Bush’s brother, Jeremy, jumped into the hole to try to rescue his brother. Emergency responders pulled him out, and Jeffery Bush’s body was never recovered.The sinkhole on Wednesday in Seffner, Florida. (Hillsborough County Sheriff's Office)
Crews tried to lower listening devices into the hole but it was unstable; another collapse buried one such device. Days later, authorities deemed the property too unsafe to enter and decided to demolish the house.
“I want to let him know I loved him,” Jeremy Bush told the Tampa Bay Timesbefore gravel was poured into the giant hole. “I tried my hardest to get you out, bro.”
The sinkhole measured 15 feet wide and 20 feet deep, with a “disturbed area” of soil measuring 50 feet around the hole, documents showed.

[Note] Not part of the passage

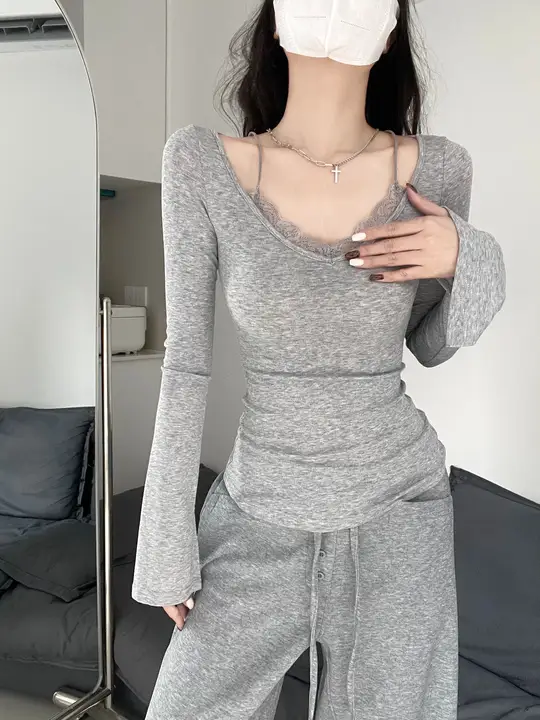 リボン付きレースデザインのVネック長袖Tシャツ【袖口スリット・重ね着風】（セットアップ対応）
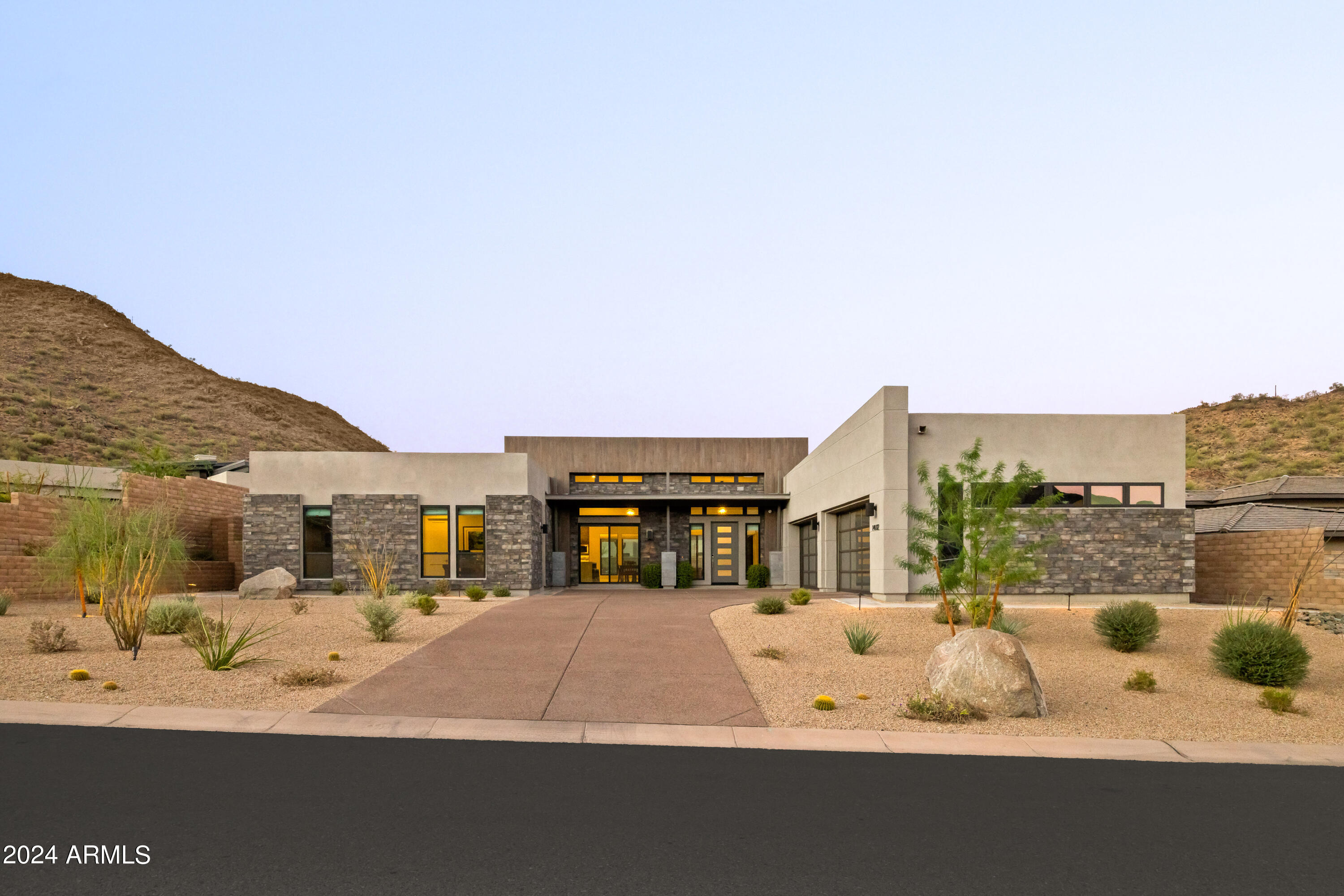 ADERO CANYON - Residential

Florida has more sinkholes than any other state, according to the Florida Office of Insurance Regulation. They occur because the entire state has limestone beneath it, which slowly dissolves from weak natural acids in rain and soil,according to the Florida Department of Environmental Protection.
State law requires insurers to cover “catastrophic ground cover collapse,” according to the insurance regulation agency. Hillsborough County, where Jeffery Bush died, is in “sinkhole alley.”
While thousands of Florida sinkholes have been reported in recent decades,Florida Geological Survey geologist Clint Kromhout told the Orlando Sentinel that there have been just four sinkhole deaths reported in the state. He called sinkhole fatalities “extremely rare.”